The second great wave of Indian influence started in the early 19th century, with the arrival of thousands of immigrants from the Indian Subcontinent. These days about 7% of Malaysians are ethnically Indian. Some of them are Christians, others are Muslims, Buddhists, Sikhs and Jains, but the vast majority are Hindus.
For Hindus, the most important religious event of the year is Diwali, the “festival of lights”. Known as Deepavali in Malaysia and Singapore, the five-day festival celebrates the victory of good over evil, and light over darkness. The third day of Deepavali, which this year falls on October 26, marks the official start of the Hindu New Year. The festival is also celebrated by Jains and Sikhs.
Of all the world’s major religions, Hinduism tends to have some of the most exuberant and colourful festivals.
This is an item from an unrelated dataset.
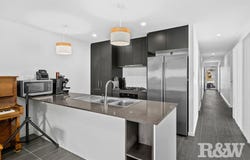 8 Honeycomb Street, Ripley, Qld 4306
So it should come as no surprise that anyone whose visit to Kuala Lumpur coincides with Deepavali stands to experience a feast for the senses.
Although many of the practices associated with Deepavali, such as house cleaning and special family meals, are centred on the home, many of the ceremonies are public, such as processions and firework displays. Probably the most visible sign of the festival, particularly in Little India and Brickfields (the two areas most associated with the KL’s Indian community), is special street bazaars.
Buying new clothes is an important part of marking Deepavali, as it is with Chinese New Year, and the Muslim festival of Hari Raya. Not that most Malaysians, whatever their race or religion, need an excuse to go shopping.
It should not come as a surprise that Indian food also plays a big part in this festival, with savoury snacks known as murukku particularly popular. If you are lucky enough to be invited to a Deepavali “open house” party, best to starve yourself beforehand, and wear loose clothing.
Apart from visiting the bazaars or major Hindu temples, such as Sri Mahamariamman in Chinatown, and Sri Kandaswamy Kovil in Brickfields, it is also possible to get a taste of Deepavali at Pavilion shopping centre. As well as a huge piece of artwork made out of coloured rice, known as a kolam, and henna tattoo displays, free classical Indian dance performances will take place at 17:00 on October 22, 23 and 26.